(Saved entries)

******

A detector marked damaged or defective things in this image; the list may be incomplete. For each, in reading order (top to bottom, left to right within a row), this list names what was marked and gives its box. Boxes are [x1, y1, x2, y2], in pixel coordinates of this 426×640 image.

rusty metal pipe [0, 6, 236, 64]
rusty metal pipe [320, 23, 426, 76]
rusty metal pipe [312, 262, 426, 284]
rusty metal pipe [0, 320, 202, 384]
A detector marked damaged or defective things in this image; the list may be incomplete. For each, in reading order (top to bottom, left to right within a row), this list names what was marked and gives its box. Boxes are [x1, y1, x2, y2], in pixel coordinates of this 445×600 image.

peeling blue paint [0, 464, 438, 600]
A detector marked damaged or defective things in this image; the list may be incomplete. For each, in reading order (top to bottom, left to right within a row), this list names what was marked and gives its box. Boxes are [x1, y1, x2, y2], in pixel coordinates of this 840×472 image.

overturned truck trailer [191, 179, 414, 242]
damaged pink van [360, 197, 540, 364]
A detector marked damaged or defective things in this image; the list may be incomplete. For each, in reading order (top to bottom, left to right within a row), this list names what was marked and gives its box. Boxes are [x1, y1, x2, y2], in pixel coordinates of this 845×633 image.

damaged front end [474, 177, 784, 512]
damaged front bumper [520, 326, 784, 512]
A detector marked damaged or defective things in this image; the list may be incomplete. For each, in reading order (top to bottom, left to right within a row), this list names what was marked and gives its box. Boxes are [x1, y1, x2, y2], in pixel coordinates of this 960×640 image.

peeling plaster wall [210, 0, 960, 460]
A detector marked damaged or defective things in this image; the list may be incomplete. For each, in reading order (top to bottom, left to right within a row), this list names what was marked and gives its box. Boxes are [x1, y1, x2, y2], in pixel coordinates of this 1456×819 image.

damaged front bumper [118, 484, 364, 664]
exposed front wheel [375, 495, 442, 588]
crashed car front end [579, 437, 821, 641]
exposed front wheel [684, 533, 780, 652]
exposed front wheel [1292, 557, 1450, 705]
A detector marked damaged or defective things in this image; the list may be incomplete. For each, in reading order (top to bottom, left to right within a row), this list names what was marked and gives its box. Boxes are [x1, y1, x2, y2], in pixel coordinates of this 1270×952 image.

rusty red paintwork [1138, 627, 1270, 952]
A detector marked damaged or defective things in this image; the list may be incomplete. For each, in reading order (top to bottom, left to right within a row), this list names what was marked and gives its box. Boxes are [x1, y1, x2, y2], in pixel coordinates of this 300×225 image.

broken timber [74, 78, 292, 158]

******

__TASK INSTRUCTIONS__
Nothing but the lines from the one with "this 1270×952 image." through the last line of the records above should be retyped, and those word for word.

__THE ANSWER__
A detector marked damaged or defective things in this image; the list may be incomplete. For each, in reading order (top to bottom, left to right within a row), this list names what was marked and gives its box. Boxes are [x1, y1, x2, y2], in pixel coordinates of this 1270×952 image.

rusty red paintwork [1138, 627, 1270, 952]
A detector marked damaged or defective things in this image; the list may be incomplete. For each, in reading order (top to bottom, left to right within a row), this list names what was marked and gives its box. Boxes are [x1, y1, x2, y2], in pixel coordinates of this 300×225 image.

broken timber [74, 78, 292, 158]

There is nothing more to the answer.